__Provided information__
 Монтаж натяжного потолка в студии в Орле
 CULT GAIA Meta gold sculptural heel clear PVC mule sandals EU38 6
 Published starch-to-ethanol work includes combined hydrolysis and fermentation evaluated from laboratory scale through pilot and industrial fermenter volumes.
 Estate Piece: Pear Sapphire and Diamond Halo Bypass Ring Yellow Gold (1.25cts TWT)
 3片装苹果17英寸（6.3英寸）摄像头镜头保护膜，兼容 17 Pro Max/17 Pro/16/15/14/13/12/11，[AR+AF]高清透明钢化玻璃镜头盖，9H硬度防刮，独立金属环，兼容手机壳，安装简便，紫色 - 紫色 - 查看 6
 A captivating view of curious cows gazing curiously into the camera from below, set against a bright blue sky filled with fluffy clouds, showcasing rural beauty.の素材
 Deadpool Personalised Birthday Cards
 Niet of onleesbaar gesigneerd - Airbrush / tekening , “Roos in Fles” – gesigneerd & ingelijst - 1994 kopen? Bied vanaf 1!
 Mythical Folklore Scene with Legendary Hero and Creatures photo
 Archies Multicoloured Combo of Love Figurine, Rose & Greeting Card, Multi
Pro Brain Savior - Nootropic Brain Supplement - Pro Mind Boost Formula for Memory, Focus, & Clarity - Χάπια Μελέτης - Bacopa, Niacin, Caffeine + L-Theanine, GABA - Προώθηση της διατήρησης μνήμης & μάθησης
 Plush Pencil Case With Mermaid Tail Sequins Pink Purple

__Activity__
Every line from the one containing "Archies Multicoloured Combo" through the last line of the entries must be written out verbatim, and no other line.

__Exercise result__
 Archies Multicoloured Combo of Love Figurine, Rose & Greeting Card, Multi
Pro Brain Savior - Nootropic Brain Supplement - Pro Mind Boost Formula for Memory, Focus, & Clarity - Χάπια Μελέτης - Bacopa, Niacin, Caffeine + L-Theanine, GABA - Προώθηση της διατήρησης μνήμης & μάθησης
 Plush Pencil Case With Mermaid Tail Sequins Pink Purple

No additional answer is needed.